Lower courts have blocked legislative leaders from participating in a federal lawsuit challenging North Carolina’s 2018 voter ID law. Those courts have ruled that Democratic N.C. Attorney General Josh Stein’s attorneys are providing adequate representation of state interests.

Top lawmakers disagree. They argue that their interest in defending the ID law differs from Stein’s interest in representing the N.C. State Board of Elections. Legislators also argue that state law opens the door for their participation in the case.

“The ultimate question that this Court must decide is whether a federal court may disrespect a sovereign state’s judgment that officials charged with administering state laws are not alone adequate representatives of the state’s interest in defending those laws,” Thompson wrote. “The answer to that question is no. The federal courts should respect North Carolina’s choice to ’empower[] multiple officials to defend its sovereign interests.’”

While the state elections board is focusing on election administration, legislative leaders “are exclusively focused on defending the voter ID law on the merits so that it can go into effect as promptly as possible.”

“‘Respect for state sovereignty’ requires courts to honor a state’s choice to structure its government ‘in a way that empowers multiple officials to defend its sovereign interests in federal court,’” Thompson added. “Where a state has two interests that tug in opposite directions, it is both permissible and entirely reasonable for the state to choose to speak through officials with different perspectives.”

Lawmakers are petitioners before the U.S. Supreme Court. They spell out a unique feature of state governments involved in lawsuits. “[T]hey are structured to protect liberty by dividing power among separately selected officials who do not answer to each other,” Thompson wrote. “As a result, a federal court’s ruling on an intervention motion in this setting has consequences for not only how state law will be defended but also who can settle the case and thus dispose of it.”

“The state and federal litigation over North Carolina’s voter ID law illustrates this reality,” the brief continued. “Petitioners are parties to the state court case, which other state officials cannot settle without Petitioners’ consent. Yet because intervention was denied in this parallel federal case, control of the defense is entirely in the hands of state executive branch officials.”

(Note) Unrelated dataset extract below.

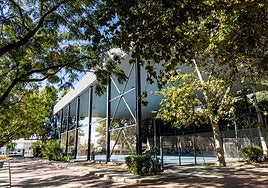 Pista polivalente del polideportivo de Massanassa.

“The distribution of power within state government should not depend on whether a plaintiff sues in state or federal court, and whatever presumptions lower courts apply in other settings should have no bearing on how the Court assesses adequacy of representation in this unique context,” Thompson wrote.

Lawmakers reject the notion that only the attorney general can represent the state in federal court proceedings. “Nothing in the North Carolina Constitution makes assertion of the State’s interest in litigation the exclusive province of the executive branch generally or the Attorney General specifically,” lawmakers’ brief explained. “Indeed, the constitution simply states that the ‘duties [of the Attorney General] shall be prescribed by law.’ The Attorney General thus only has the statutory authority granted to him in the ‘discretion of the General Assembly.'”

The U.S. Supreme Court is likely to rule by summer on legislators’ intervention in the federal voter ID case. The case will then return to U.S. District Court for a trial.

Two cases at the N.C. Supreme Court also deal with voter ID. State justices heard oral arguments Feb. 14 in a case challenging North Carolina’s 2018 voter ID constitutional amendment.

Lawyers are working on state Supreme Court filings now in a separate suit. It challenges the law implementing the constitutional ID requirement.